◆ REQUIRED ACTION ◆
Your task is to return exactly the lines that run from the one containing "Twee pakken Preserve" through the end of the listing below, without any pictures.

◆ RECORDED INFORMATION ◆
————————

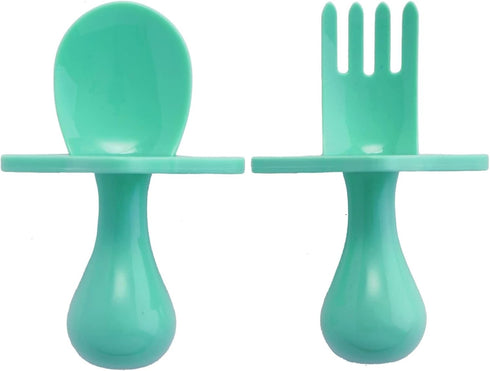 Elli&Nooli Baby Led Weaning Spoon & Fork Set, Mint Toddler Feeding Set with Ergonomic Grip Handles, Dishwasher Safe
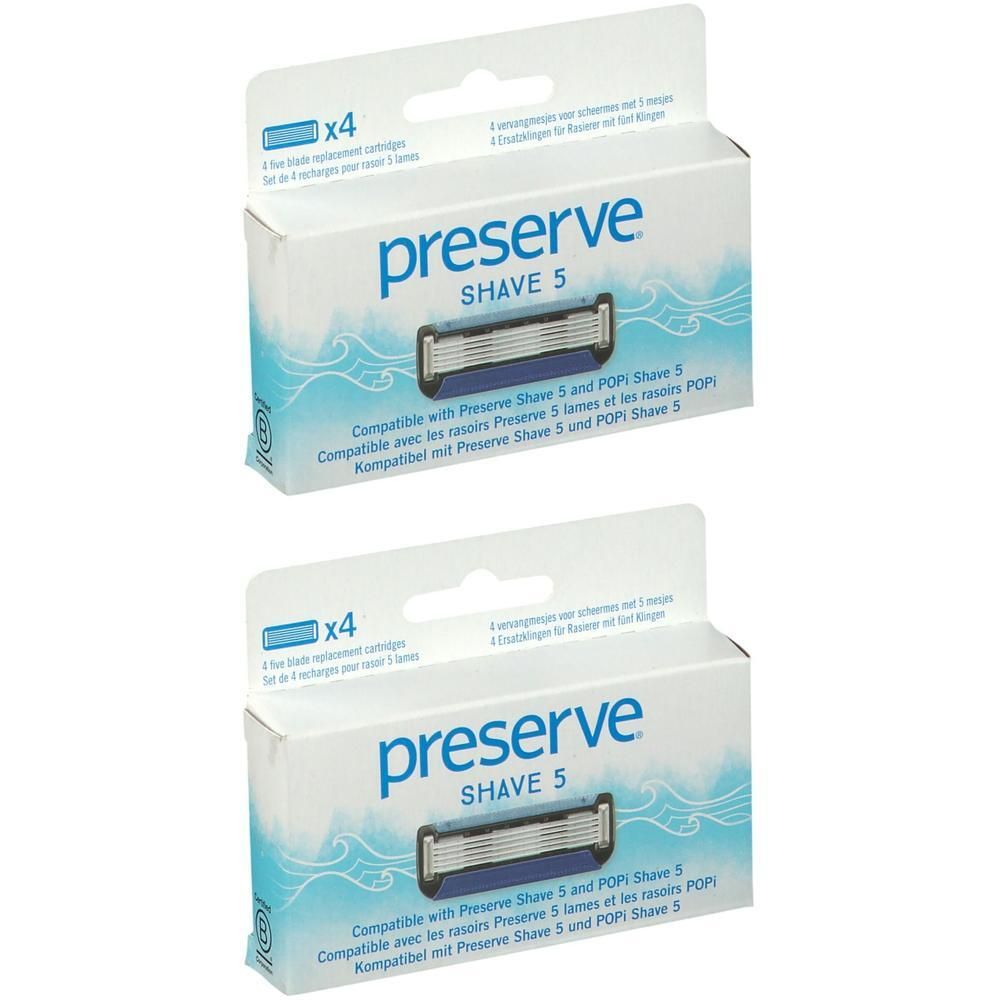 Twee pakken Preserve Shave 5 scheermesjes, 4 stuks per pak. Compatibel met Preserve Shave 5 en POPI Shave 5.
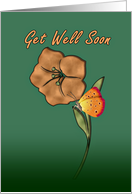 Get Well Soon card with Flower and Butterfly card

————————

◆ EXERCISE SOLUTION ◆
 Twee pakken Preserve Shave 5 scheermesjes, 4 stuks per pak. Compatibel met Preserve Shave 5 en POPI Shave 5.
 Get Well Soon card with Flower and Butterfly card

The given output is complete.